* **How to complete this task**:
Could you write out, exactly as they stand, only the lines in the listing below from the line with "Una mujer habla" to the line with "Randy Cherland selects", both ends included, without the pictures?

* **Input for this task**:
———

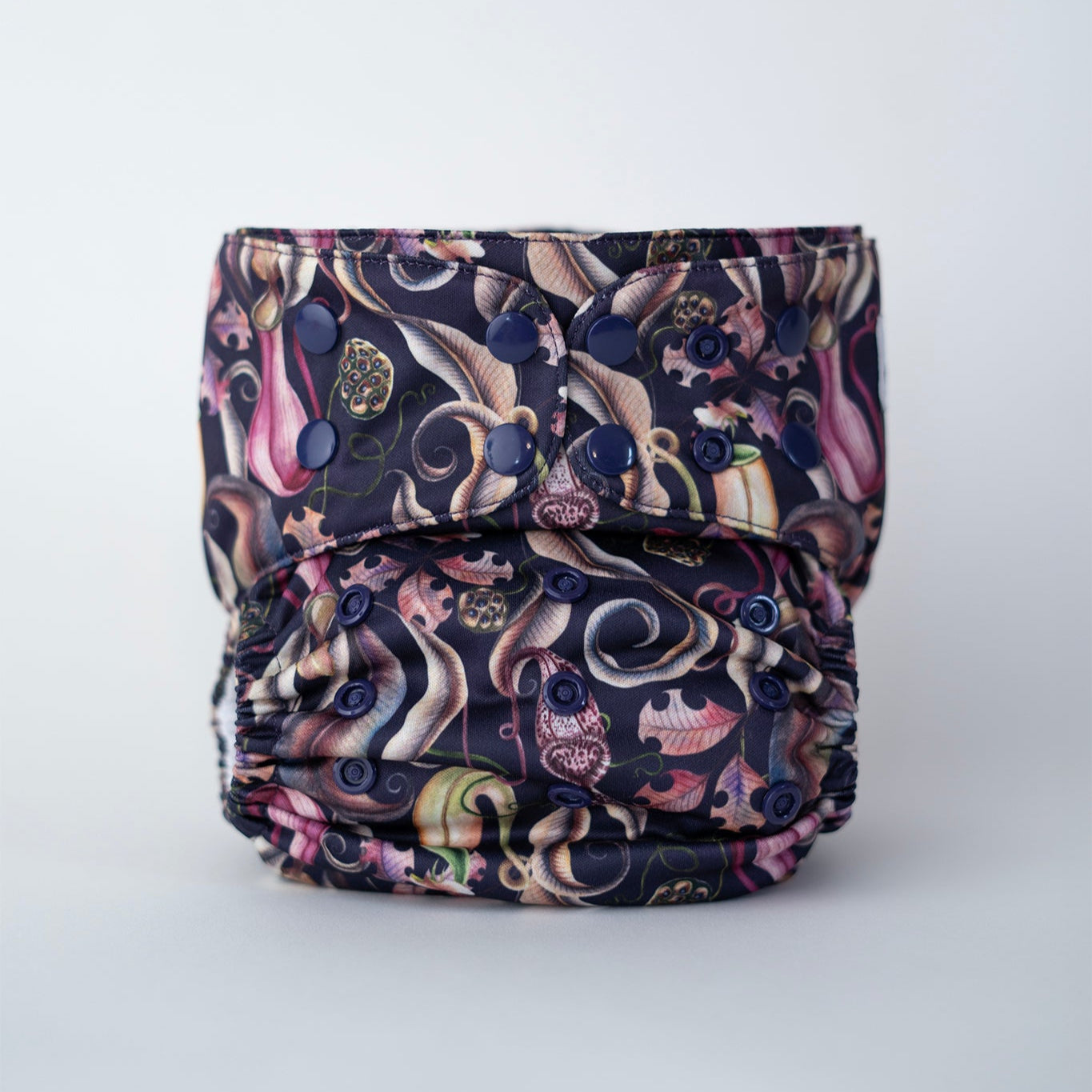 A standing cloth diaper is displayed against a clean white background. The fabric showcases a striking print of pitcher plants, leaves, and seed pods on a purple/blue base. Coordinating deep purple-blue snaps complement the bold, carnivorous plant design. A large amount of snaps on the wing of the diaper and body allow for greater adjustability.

———

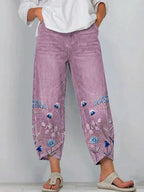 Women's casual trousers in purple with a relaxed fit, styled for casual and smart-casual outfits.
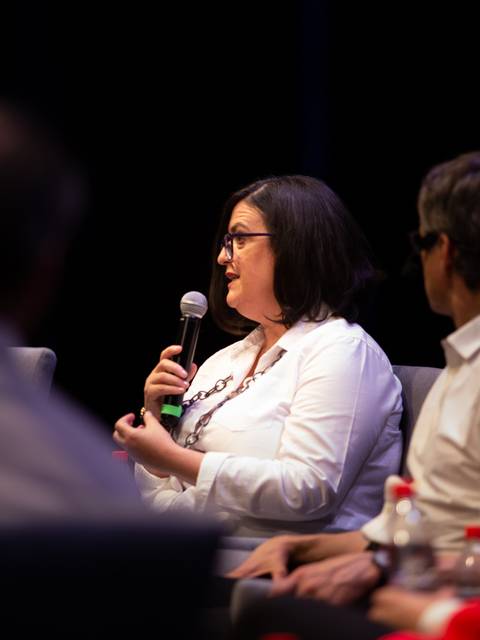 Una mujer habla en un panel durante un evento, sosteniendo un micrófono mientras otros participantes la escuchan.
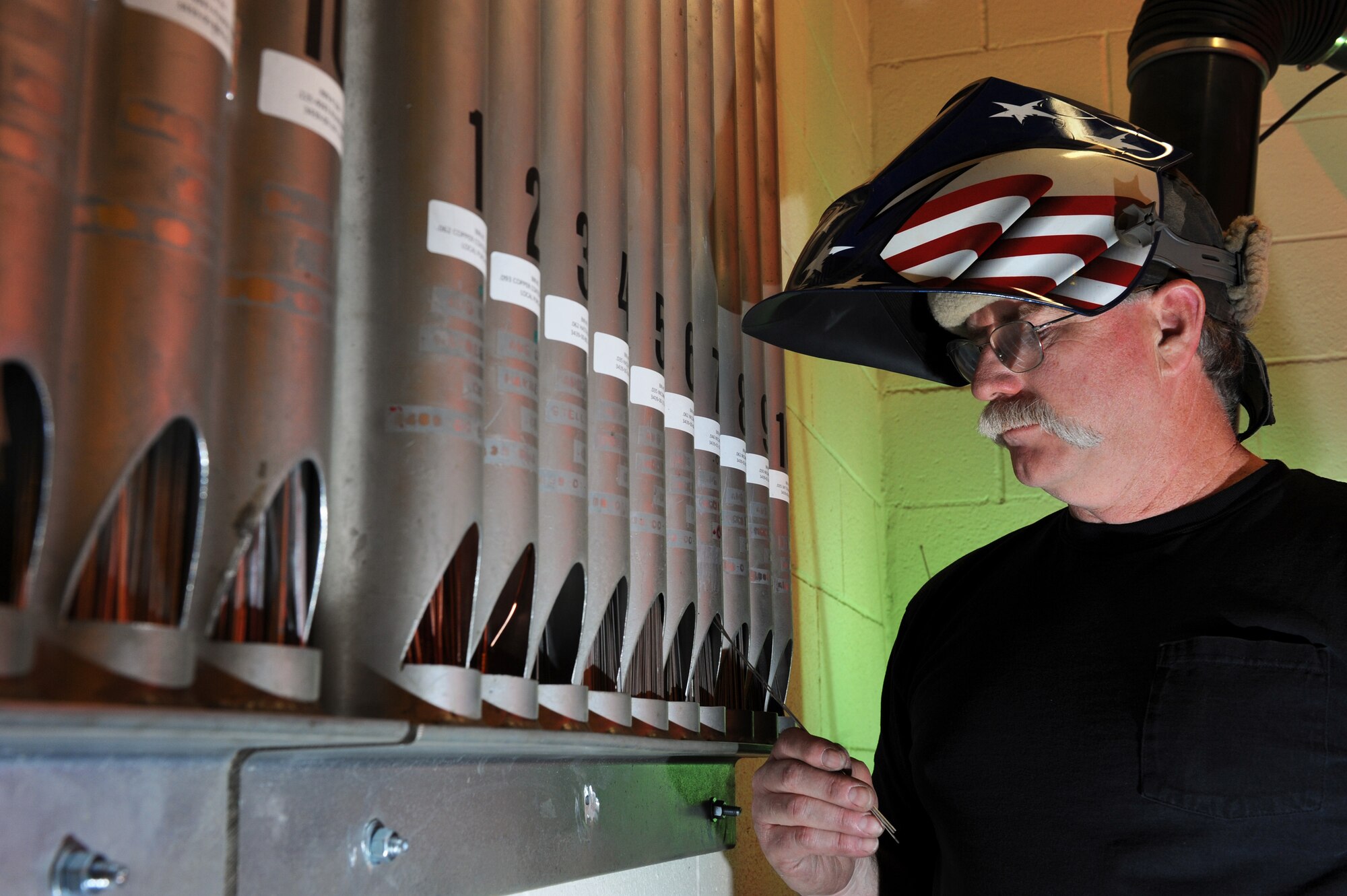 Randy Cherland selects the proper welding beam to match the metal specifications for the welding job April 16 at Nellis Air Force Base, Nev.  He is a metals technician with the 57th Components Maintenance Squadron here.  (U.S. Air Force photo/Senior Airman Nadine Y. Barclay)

———

* **Solution for this exercise**:
 Una mujer habla en un panel durante un evento, sosteniendo un micrófono mientras otros participantes la escuchan.
 Randy Cherland selects the proper welding beam to match the metal specifications for the welding job April 16 at Nellis Air Force Base, Nev.  He is a metals technician with the 57th Components Maintenance Squadron here.  (U.S. Air Force photo/Senior Airman Nadine Y. Barclay)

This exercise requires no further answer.